Larry Lessig On How To Save Remix Culture
from the good-luck-with-that dept
Larry Lessig has a fantastic op-ed essay in the Wall Street Journal that tries to defend “remix culture” from draconian copyright laws that have made it illegal to build new creative works on the works of others. Not surprisingly, he makes some important points:
This war must end. It is time we recognize that we can’t kill this creativity. We can only criminalize it. We can’t stop our kids from using these tools to create, or make them passive. We can only drive it underground, or make them “pirates.” And the question we as a society must focus on is whether this is any good. Our kids live in an age of prohibition, where more and more of what seems to them to be ordinary behavior is against the law. They recognize it as against the law. They see themselves as “criminals.” They begin to get used to the idea.
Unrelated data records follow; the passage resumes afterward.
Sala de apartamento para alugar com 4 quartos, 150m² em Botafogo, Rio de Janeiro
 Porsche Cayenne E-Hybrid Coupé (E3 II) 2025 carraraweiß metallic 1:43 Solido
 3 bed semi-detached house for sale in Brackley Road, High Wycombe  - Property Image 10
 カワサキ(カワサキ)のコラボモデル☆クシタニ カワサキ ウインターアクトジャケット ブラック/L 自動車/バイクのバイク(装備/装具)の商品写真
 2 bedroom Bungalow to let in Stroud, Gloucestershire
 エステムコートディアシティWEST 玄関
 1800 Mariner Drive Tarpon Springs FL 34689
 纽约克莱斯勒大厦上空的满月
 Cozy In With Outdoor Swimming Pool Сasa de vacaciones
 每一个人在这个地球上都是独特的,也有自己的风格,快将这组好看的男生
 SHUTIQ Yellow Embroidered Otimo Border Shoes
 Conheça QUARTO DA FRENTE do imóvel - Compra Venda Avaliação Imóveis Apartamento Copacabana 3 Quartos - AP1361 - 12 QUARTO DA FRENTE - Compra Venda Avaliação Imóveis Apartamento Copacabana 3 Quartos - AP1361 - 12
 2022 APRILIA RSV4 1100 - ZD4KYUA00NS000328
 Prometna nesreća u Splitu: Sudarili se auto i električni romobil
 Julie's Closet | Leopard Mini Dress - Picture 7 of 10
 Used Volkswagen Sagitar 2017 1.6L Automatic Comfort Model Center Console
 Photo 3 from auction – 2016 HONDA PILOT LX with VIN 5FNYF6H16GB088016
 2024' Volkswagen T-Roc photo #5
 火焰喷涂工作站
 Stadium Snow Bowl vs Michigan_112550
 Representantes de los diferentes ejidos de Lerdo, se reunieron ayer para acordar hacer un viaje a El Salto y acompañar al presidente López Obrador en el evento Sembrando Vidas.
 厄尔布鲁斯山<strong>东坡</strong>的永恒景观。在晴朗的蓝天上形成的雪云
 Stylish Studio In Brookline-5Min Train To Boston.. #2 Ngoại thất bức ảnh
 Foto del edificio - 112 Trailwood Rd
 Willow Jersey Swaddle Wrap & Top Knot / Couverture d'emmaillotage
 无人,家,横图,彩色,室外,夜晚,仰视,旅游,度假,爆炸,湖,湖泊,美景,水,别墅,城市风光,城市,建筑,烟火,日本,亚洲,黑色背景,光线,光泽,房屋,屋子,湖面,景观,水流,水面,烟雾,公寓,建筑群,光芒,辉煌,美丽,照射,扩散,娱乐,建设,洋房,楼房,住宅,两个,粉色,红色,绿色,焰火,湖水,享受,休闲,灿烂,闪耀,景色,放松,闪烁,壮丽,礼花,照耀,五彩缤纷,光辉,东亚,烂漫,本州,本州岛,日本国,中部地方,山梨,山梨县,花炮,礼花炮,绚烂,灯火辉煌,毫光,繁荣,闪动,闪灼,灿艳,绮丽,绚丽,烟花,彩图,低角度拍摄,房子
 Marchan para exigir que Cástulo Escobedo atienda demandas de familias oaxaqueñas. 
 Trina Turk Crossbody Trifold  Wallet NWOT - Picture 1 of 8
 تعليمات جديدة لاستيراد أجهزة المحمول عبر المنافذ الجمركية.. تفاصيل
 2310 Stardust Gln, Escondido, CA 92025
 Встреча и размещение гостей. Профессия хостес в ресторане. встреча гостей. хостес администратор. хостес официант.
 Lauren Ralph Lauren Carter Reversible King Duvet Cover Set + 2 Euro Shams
That recognition is corrosive. It is corrupting of the very idea of the rule of law. And when we reckon the cost of this corruption, any losses of the content industry pale in comparison.
Copyright law must be changed.
It’s definitely worth reading, and then considering the five suggestions he puts forth for how copyright can be fixed, though I disagree with him on whether or not his suggestions would actually work. I think they would significantly improve things from the way they are today, but Lessig still seems to think that there’s a way to “thread the needle” by distinguishing between commercial works and non-commercial works. The more I look, the less possible I think it is to distinguish between the two in any meaningful way.
Furthermore, Lessig’s solutions are focused very much on trying to “balance” the rights of amateur creative types with professional creative types. However, I think if you look at the economics and historical record, there’s no need to create “balance.” If content creators started adapting new business models, both can succeed tremendously, without having to worry about any kind of balance. A true solution suits both sides perfectly, benefiting both, without either side having to “balance” with the other.